Light from the Sidra


Torah: Exodus 1:1-6:1. Haftarah: Isaiah 27:6-28:13;29:22-23

All’s well that starts bad

‘What’s in a name?’ Shakespeare’s Juliet asks rhetorically. Her own answer is, basically, not a lot: ‘That which we call a rose,’ she says, ‘by any other name would smell as sweet.’ A name, Juliet tells Romeo, is an artificial and meaningless convention. She loves the person called Romeo Montague not the name, and asks Romeo to ‘deny [his] father’ and be ‘new baptized’ as her lover. That one short line encapsulates the central struggle and tragedy of Shakespeare’s play.

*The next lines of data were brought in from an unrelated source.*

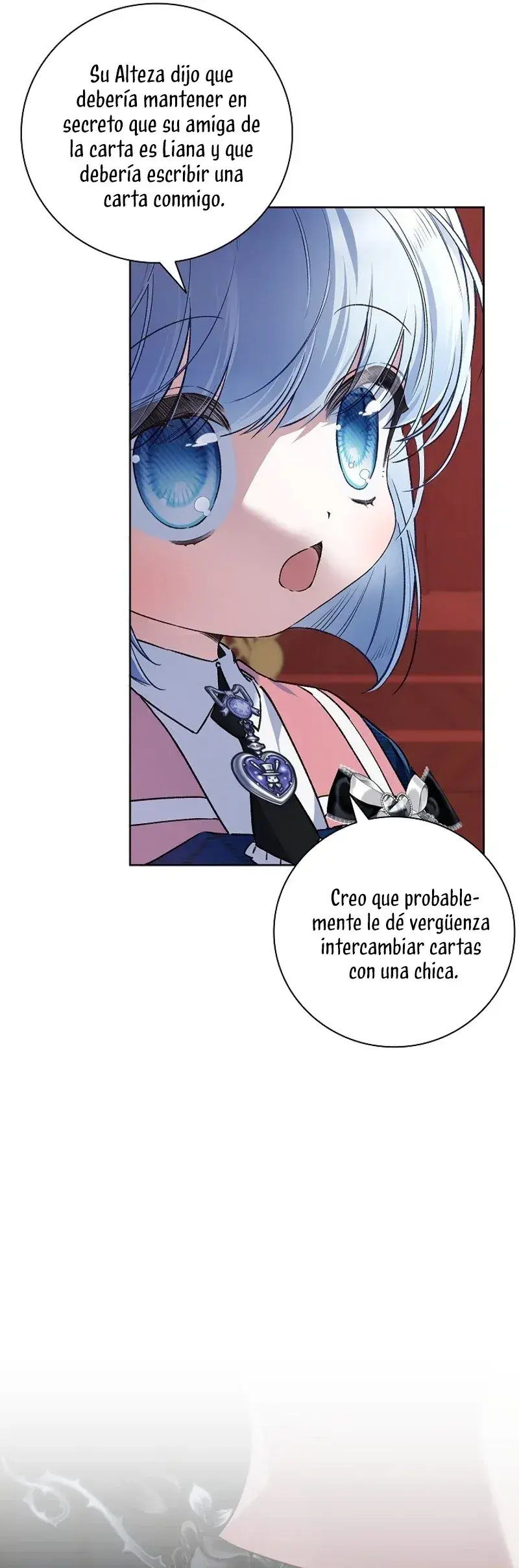 Capitulo 42 page 40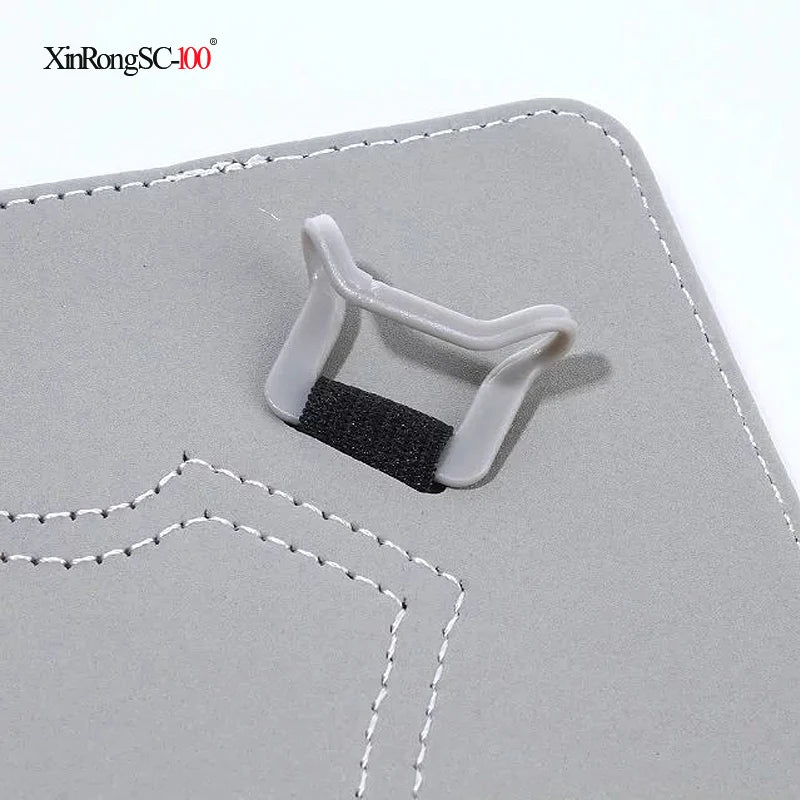 For 10.1" SPC Gravity Pro/Heaven/Twister/Glow/Blink/GRAVITY PRO 9768332B/LIGHTYEAR 9744216A 8" 10.1 inch Tablet cover case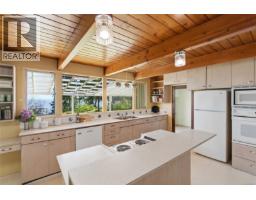 590 Willow St, Parksville, BC V9P1A5 Photo 27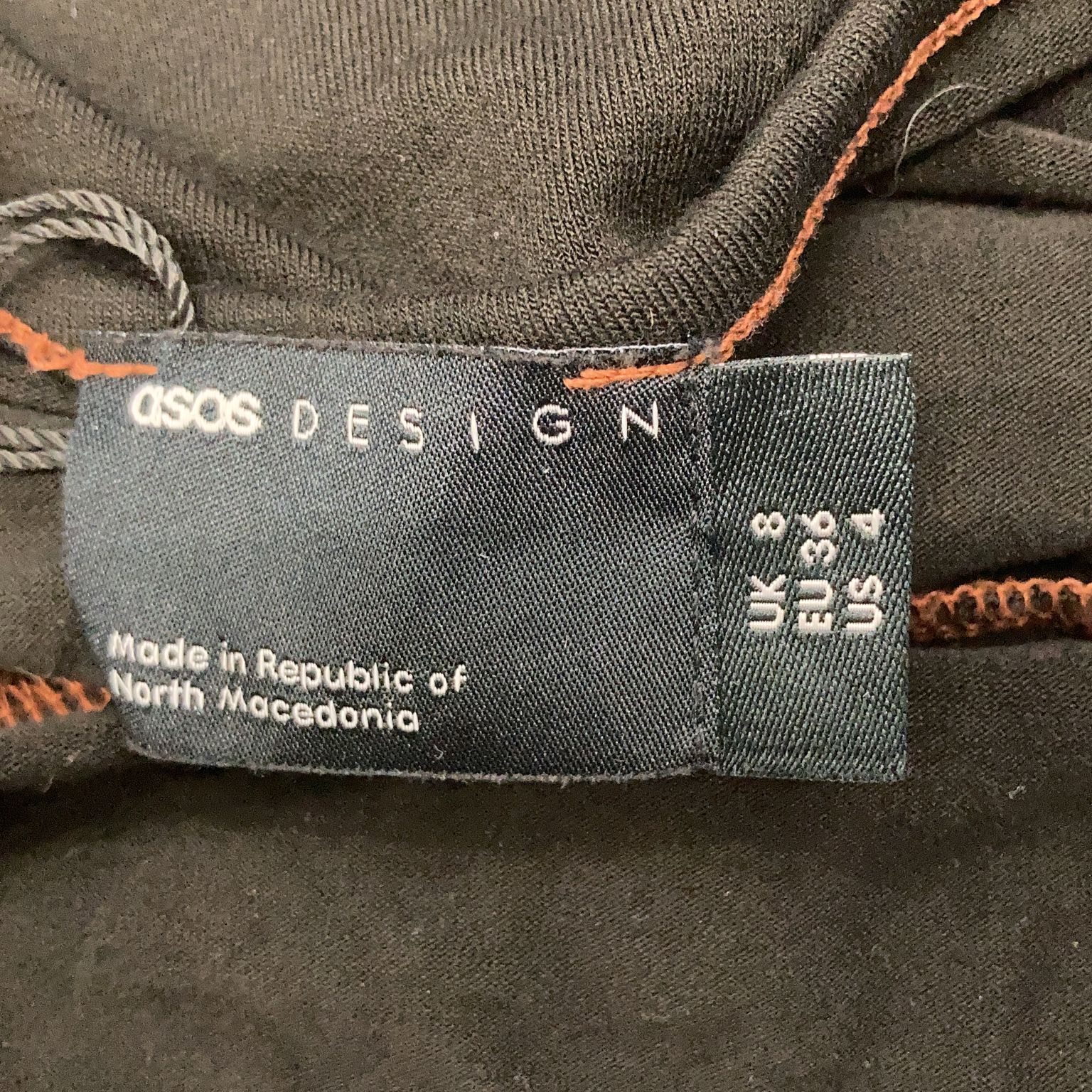 ASOS Design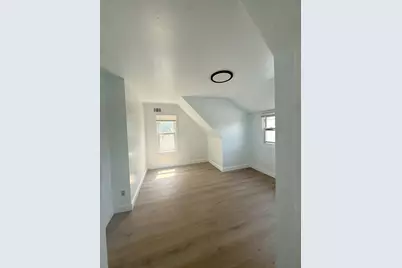3886-3888 Washington St #3, Boston, MA 02131 - Photo 9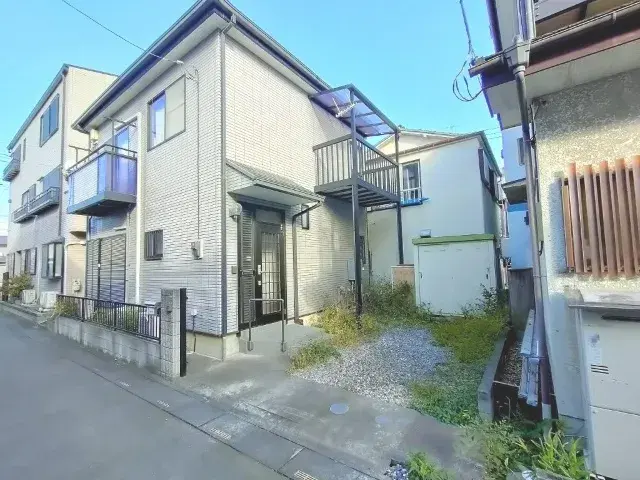 Slide 0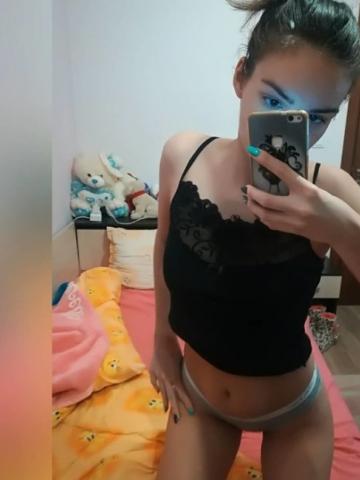 Майя Непревзойдённая фото 4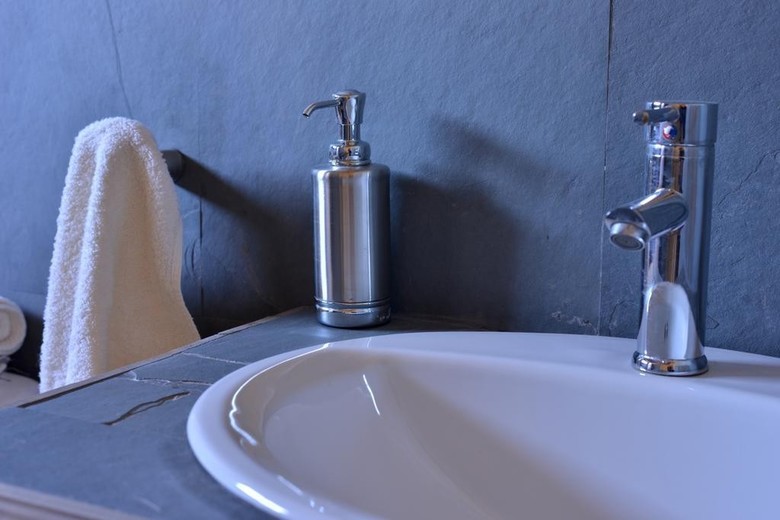 Apartamento Casas Valle De La Luna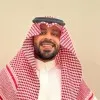 Abdullah Alzidan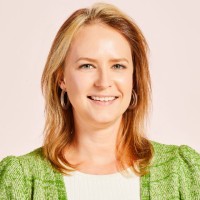 Tyndale Company, Inc. Employee Sara Close's profile photo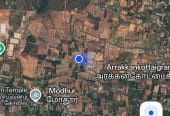 🌿 நிலம் விற்பனைக்கு | Land For Sale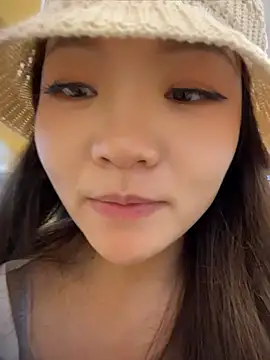 xiaoxiaocheng678 webcam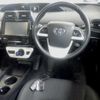 toyota prius 2016 CFJ1627643 image 4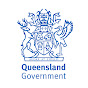 Growing Queensland logo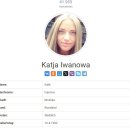 Profile_Tigrenoknastyaaa_15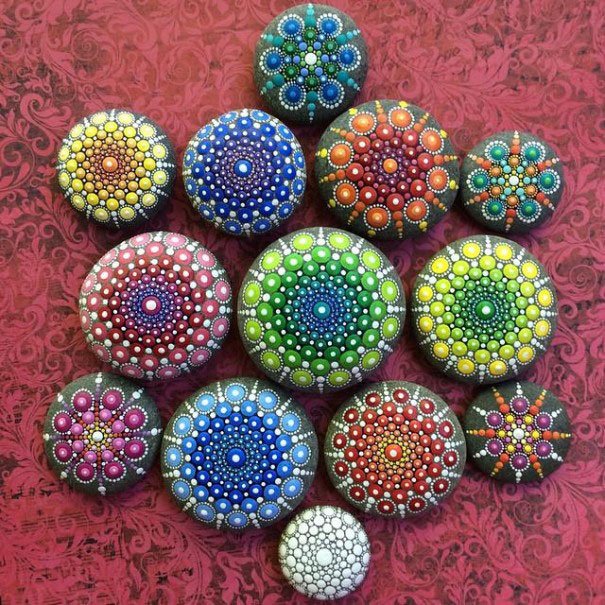 mandalas-piedras-marinas-4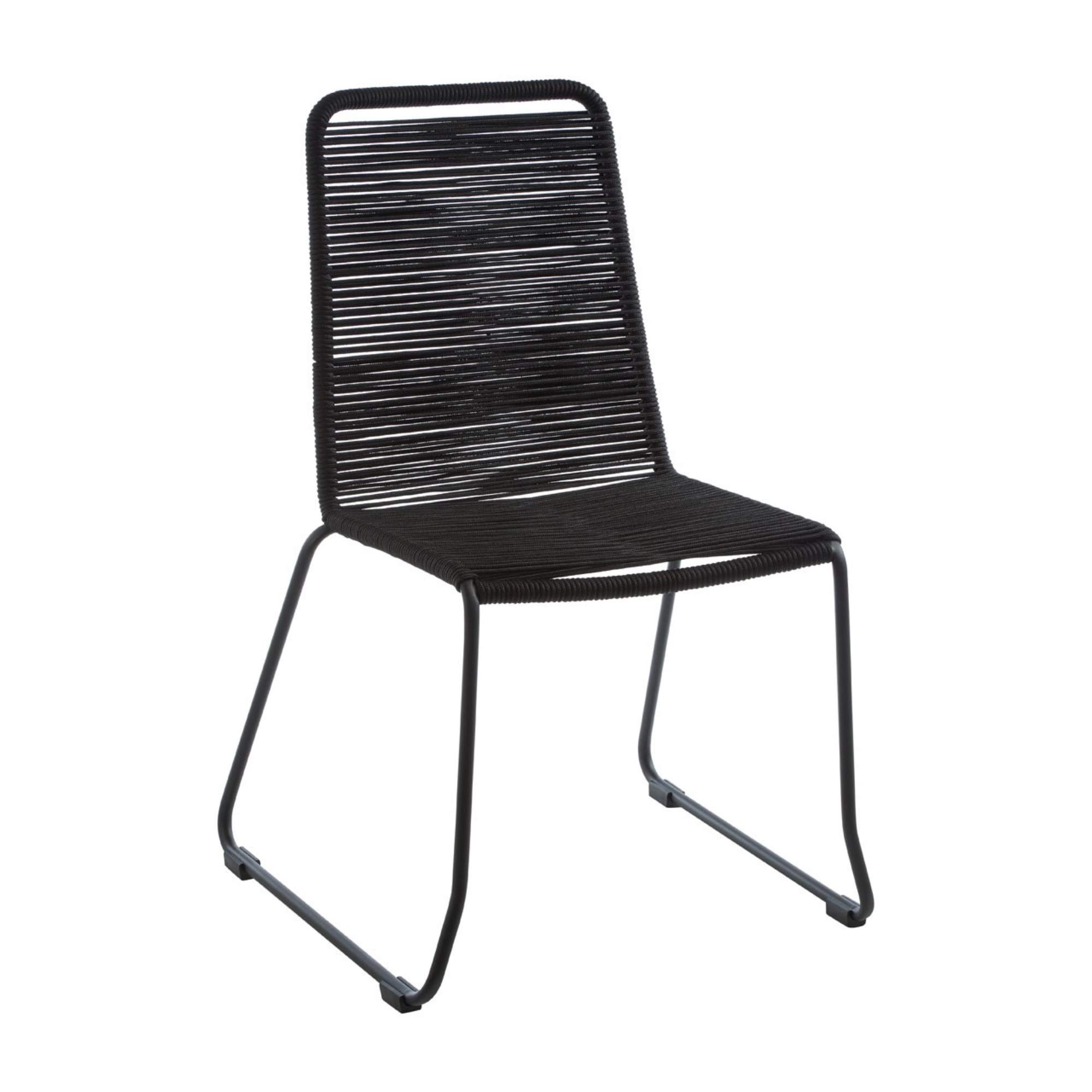 ACCENT CHAIR - BBACNC42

The Hebrew title of Exodus is Shemot: ‘Names’. Had Juliet lived in Bible times, her answer to her own question would have been far different. In the Tanakh, names are not inconsequential; they have meaning. God changed the names of Abram and Sarai to make them more meaningful and expressive of their places in his plan and purpose for the world. Abram means ‘Exalted Father’ but God changed it to Abraham, ‘Father of a Multitude’, and his wife’s name was changed to the more appropriate Sarah, meaning Princess. At the heart of the Exodus event is the revelation of the name of God to Moses and to Israel.

And Moses said to God, Behold, when I come to the people of Israel, and shall say to them, The God of your fathers has sent me to you; and they shall say to me, What is his name, what shall I say to them? And God said to Moses, I AM THAT I AM; and he said, Thus shall you say to the people of Israel, I AM has sent me to you. And God said moreover to Moses, Thus shall you say to the people of Israel, The Lord God of your fathers, the God of Abraham, the God of Isaac, and the God of Jacob, has sent me to you; this is my name forever, and this is my memorial to all generations. (Exodus 3:13-15)


The ancient Egyptians magicians believed that to know the true name of a person or a god was to have the power of coercion over them. When God reveals himself to Moses at the burning bush and commissions him to liberate Israel from Egypt, he fears that the people who have assimilated the Egyptian worldview may want to know the name of God in order to call on his power. God responds that his name is Ehyeh Asher Ehyeh; ‘I am that I am’. In one sense, God’s answer is enigmatic but in another it reveals the majestic nature of the God of Israel: He is. He is the Eternal God, who is, who was and who is to come; he is the God who in the beginning created heaven and earth out of nothing with nothing but his word.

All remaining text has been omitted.